Inés se encontraba en la cocina, preparando el
almuerzo, cuando sintió que su corazón se aceleró al escuchar a Marina
llamándola a gritos.
—¡Mamá! ¡Mamá!
—¡Ay, mamita! ¿Qué pasó?
—Gritó Inés, respondiendo al llamado de su hija al tiempo que se asomaba por la
ventana de la cocina que daba hacia la parte de atrás de la casa—. ¡Marina!
¡Marina! ¿Qué pasó? —gritó de nuevo al no verla por ninguna parte. Sólo vio el
cultivo de caña de azúcar que se extendía hasta tres cuadras detrás de la casa.

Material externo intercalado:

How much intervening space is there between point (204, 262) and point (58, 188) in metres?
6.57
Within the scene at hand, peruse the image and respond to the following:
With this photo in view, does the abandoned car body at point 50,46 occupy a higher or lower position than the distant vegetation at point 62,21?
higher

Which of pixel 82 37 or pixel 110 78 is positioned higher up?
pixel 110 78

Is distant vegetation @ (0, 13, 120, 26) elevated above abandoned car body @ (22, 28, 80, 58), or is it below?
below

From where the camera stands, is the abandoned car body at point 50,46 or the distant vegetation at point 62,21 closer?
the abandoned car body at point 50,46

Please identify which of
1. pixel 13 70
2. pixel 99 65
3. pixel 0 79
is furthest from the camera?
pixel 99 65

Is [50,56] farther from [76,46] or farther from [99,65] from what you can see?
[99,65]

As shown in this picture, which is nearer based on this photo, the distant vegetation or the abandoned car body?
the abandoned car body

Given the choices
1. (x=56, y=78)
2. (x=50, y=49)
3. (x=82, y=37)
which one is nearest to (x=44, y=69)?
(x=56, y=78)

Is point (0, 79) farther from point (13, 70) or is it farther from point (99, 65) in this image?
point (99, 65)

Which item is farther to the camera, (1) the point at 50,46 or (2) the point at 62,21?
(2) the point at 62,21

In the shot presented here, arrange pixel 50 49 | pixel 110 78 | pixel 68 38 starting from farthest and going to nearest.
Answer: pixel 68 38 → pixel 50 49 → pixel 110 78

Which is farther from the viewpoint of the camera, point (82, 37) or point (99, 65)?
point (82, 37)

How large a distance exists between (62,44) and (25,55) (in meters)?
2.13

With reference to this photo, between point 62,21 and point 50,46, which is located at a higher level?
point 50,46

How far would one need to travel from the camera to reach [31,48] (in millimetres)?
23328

—¡Mami, venga mire! —gritó
Marina saliendo de debajo de la casa.
La finca estaba construida sobre un pequeño
barranco. La mitad delantera, donde estaban el corredor y la chambrana,
construida con varas de macana, descansaba sobre el terreno firme, pero la
parte trasera, donde estaban las habitaciones y la cocina, estaba apoyada en
gruesos pilotes de madera. Debajo de ella, aprovechando el espacio que quedaba
entre el fondo del barranco y el piso de la casa, había una pequeña molienda
donde la familia Restrepo procesaba la caña de su cultivo para fabricar panela.
—¿Qué pasó? —volvió a
preguntar Inés, preocupada al ver la cara de susto que tenía su hija.

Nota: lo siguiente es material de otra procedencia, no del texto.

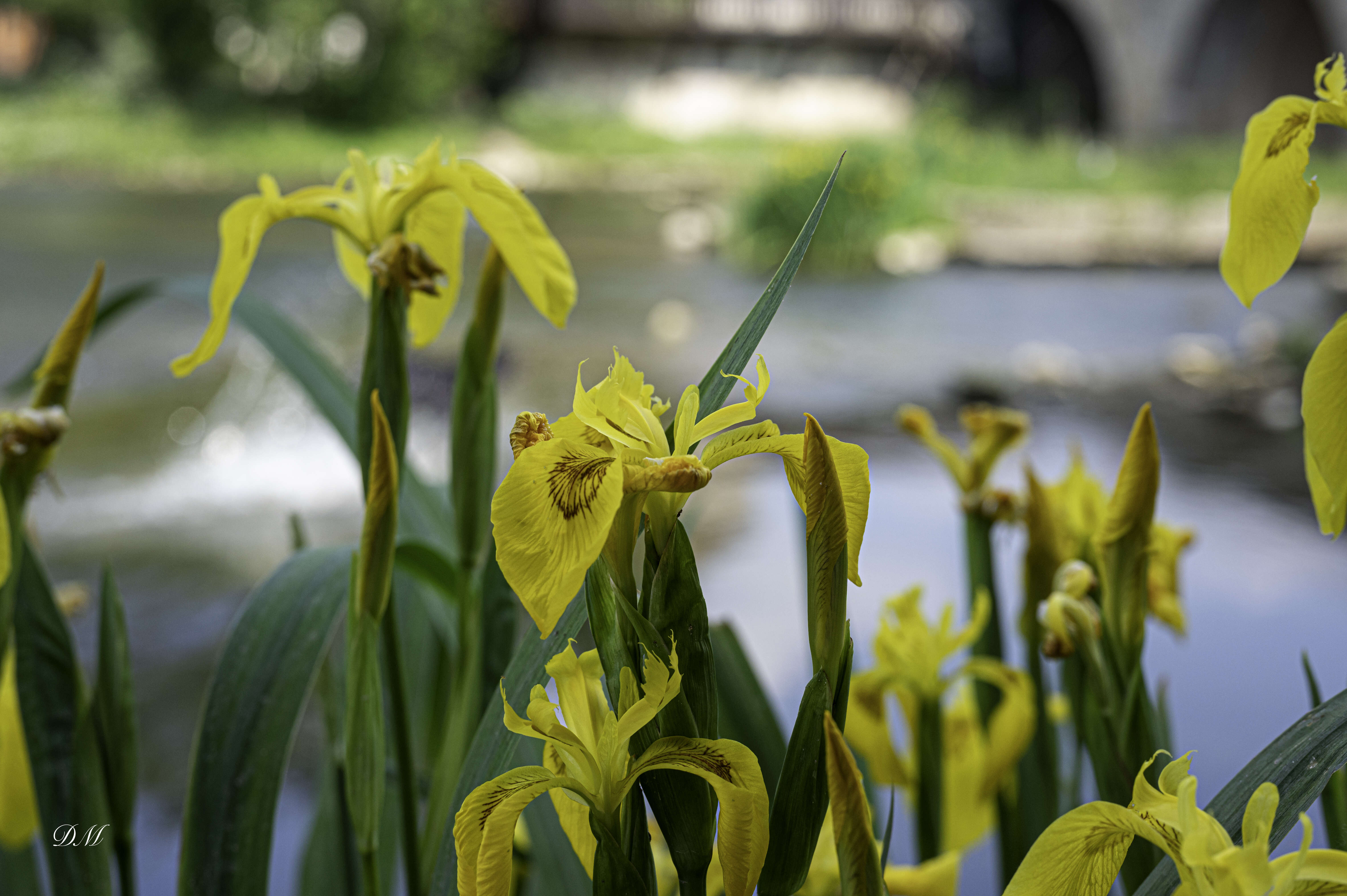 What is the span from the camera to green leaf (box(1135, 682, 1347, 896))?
0.15 metres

—Venga rápido para que mire esto tan raro —el
miedo casi podía palparse en la voz de la niña.
Inés puso sobre la mesa el cuchillo y la papa que
estaba pelando, y salió corriendo de la cocina, que quedaba en el extremo
derecho de la casa. En las fincas se acostumbra que las puertas de todas las
habitaciones y cuartos, construidos en fila uno al lado del otro, den al corredor
frontal. La madre de la pequeña bordeó la casa por fuera y bajó a la molienda.

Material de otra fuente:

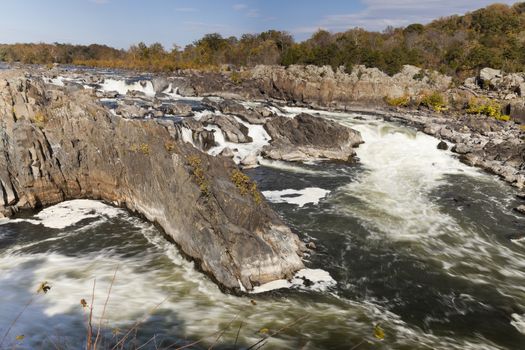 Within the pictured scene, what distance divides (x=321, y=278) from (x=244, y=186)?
17.0 ft

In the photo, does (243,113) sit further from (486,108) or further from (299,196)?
(486,108)

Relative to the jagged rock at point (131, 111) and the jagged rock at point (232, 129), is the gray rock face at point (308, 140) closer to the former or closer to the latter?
the jagged rock at point (232, 129)

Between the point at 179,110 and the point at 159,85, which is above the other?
the point at 159,85

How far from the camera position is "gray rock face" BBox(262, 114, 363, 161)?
107 feet

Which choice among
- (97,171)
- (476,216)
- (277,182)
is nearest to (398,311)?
(476,216)

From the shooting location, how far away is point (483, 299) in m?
14.1

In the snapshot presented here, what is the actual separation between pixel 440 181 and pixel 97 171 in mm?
24051

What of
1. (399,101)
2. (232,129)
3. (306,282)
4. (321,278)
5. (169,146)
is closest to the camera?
→ (306,282)

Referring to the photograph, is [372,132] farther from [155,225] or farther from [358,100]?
[155,225]

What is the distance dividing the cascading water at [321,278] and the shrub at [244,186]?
354 centimetres

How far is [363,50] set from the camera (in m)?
68.9

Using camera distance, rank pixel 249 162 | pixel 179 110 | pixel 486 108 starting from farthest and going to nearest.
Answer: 1. pixel 486 108
2. pixel 179 110
3. pixel 249 162

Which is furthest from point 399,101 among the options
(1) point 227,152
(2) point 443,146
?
(1) point 227,152

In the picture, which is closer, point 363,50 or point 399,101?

Su hija estaba de pie y señalando con la mano la mesa donde todas las noches se
ponía a enfriar la panela que se producía en las tardes. Su carita aún
reflejaba miedo. Esa mañana, como lo hacía todos los días, Marina había bajado
a la molienda a verificar que la producción ya estuviera seca y a acomodarla en
las cajas de madera para que su padre la llevara al pueblo a venderla. Cuando
la mujer vio lo que le señalaba su hija, no pudo disimular su reacción.
—¡Ay, Dios mío bendito!
—dijo Inés con la voz ahogada por el susto mientras se persignaba—. Venga mi
amor, subámonos para la casa —le dijo con tono urgente a Marina tomándola de la
mano.
Corriendo, deshicieron el camino de vuelta a la
casa. Inés deseó que hubiese paredes y una puerta que rodearan la molienda para
poder dejarla cerrada, pero las moliendas suelen construirse sin paredes para
aprovechar la ventilación debido al humo que genera el enorme fogón de leña y a
la temperatura necesaria para que se enfrié la panela. Cuando alcanzaron el
frente de la casa, Inés llamó gritando a Claudia, su hija mayor, que se
encontraba aseando el último de los cinco cuartos, la habitación de Mercedes,
su abuela.
—Mamá, ¿qué pasa? ¿Qué son esos gritos? —respondió
Claudia asomándose a la puerta de la habitación.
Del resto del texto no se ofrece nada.